### The data
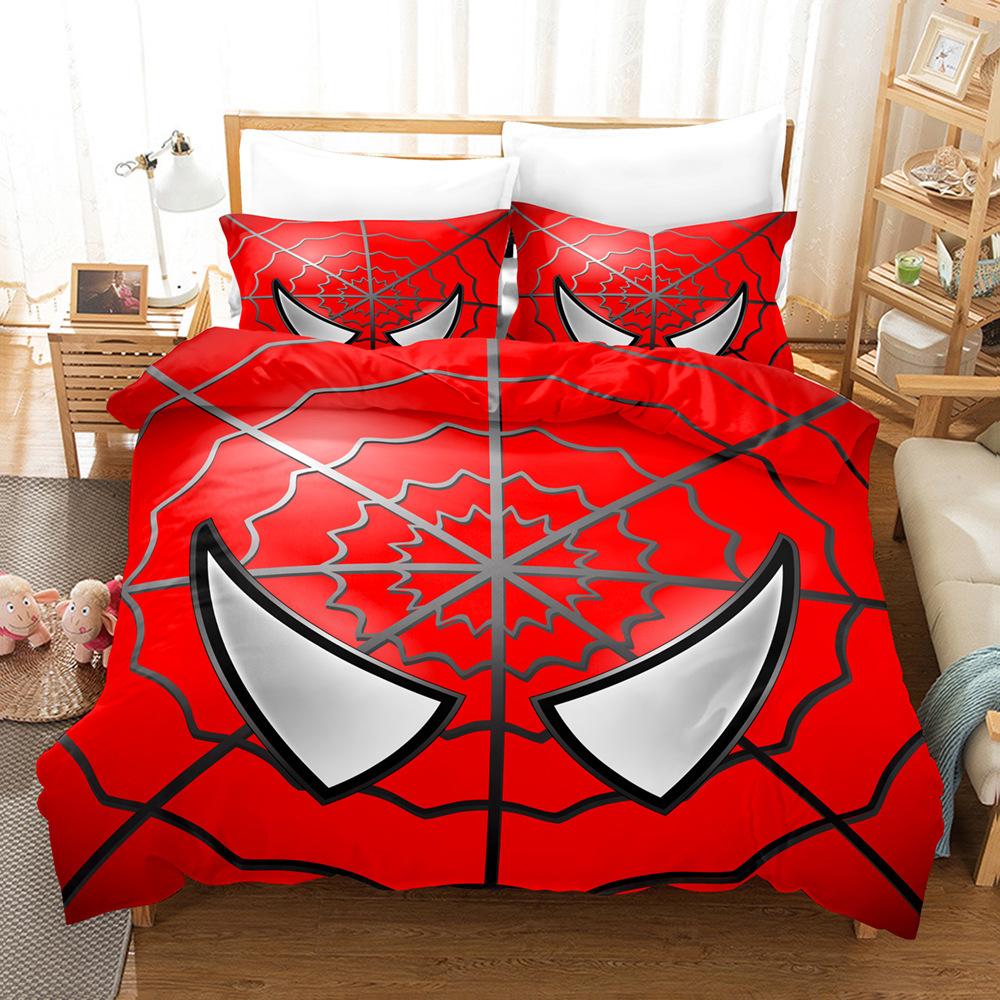 Home Textile Quilt Cover Pillowcase 3D Digital Printing Three-Piece Set American Style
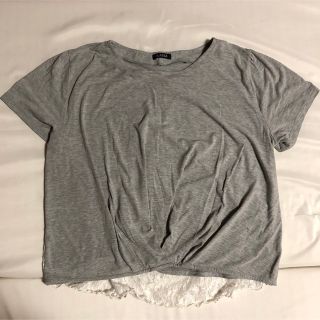 期間限定値下げ🌸送料込 新品 レース 半袖 トップス (Tシャツ(半袖/袖なし))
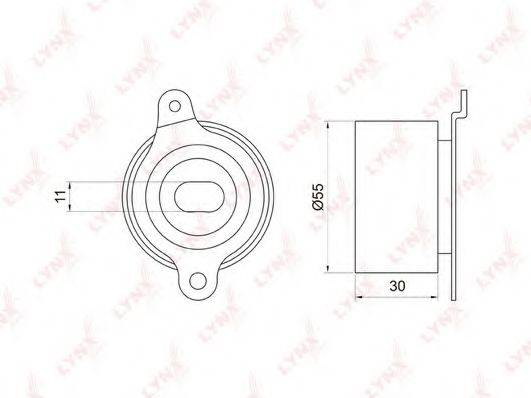 LYNXAUTO PB1017 Натяжний ролик, ремінь ГРМ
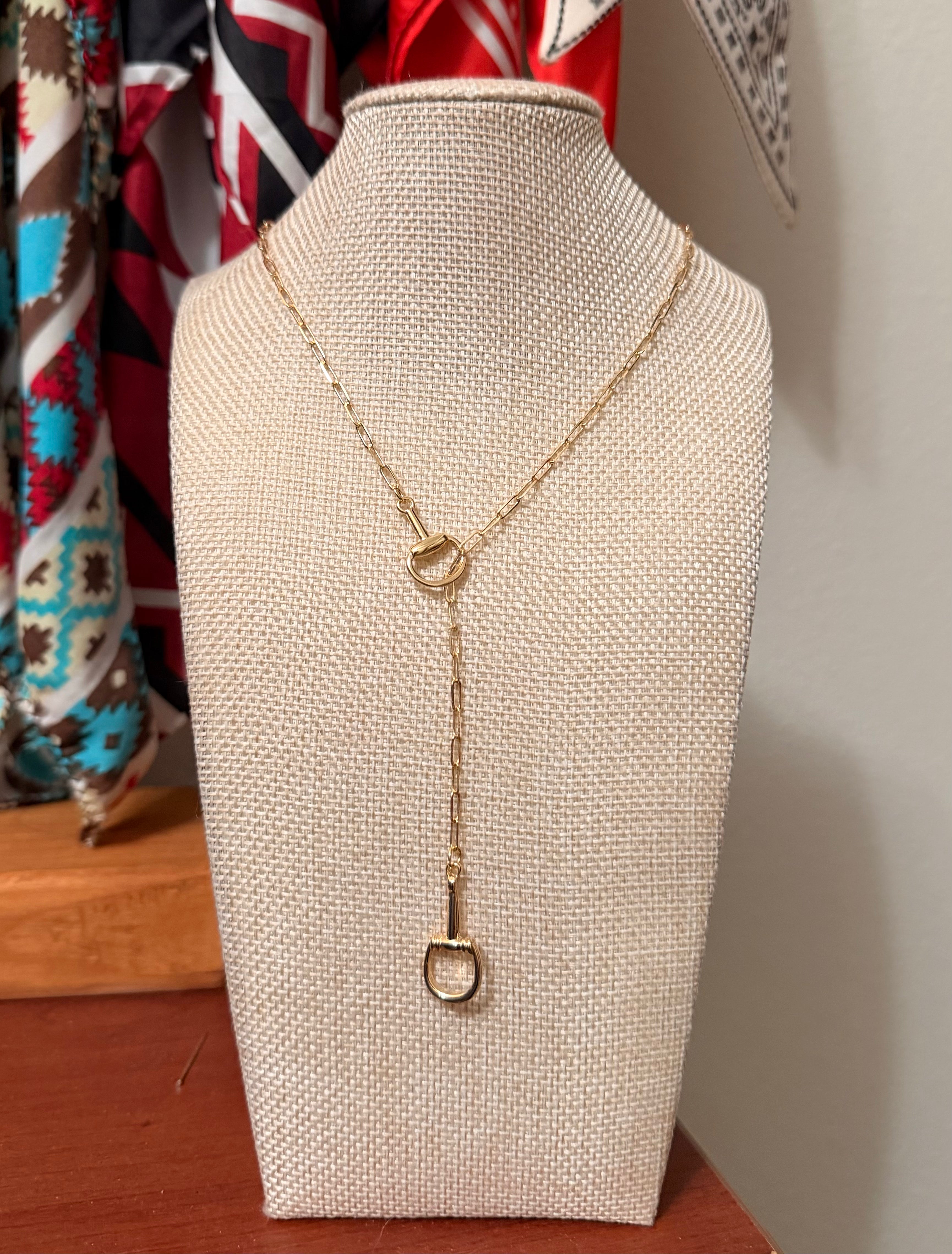 Gold lariat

### Task brief
Line by line, give the material above again exactly, but without any pictures.

### Output for this task
 Home Textile Quilt Cover Pillowcase 3D Digital Printing Three-Piece Set American Style
 期間限定値下げ🌸送料込 新品 レース 半袖 トップス (Tシャツ(半袖/袖なし))
 LYNXAUTO PB1017 Натяжний ролик, ремінь ГРМ
 Gold lariat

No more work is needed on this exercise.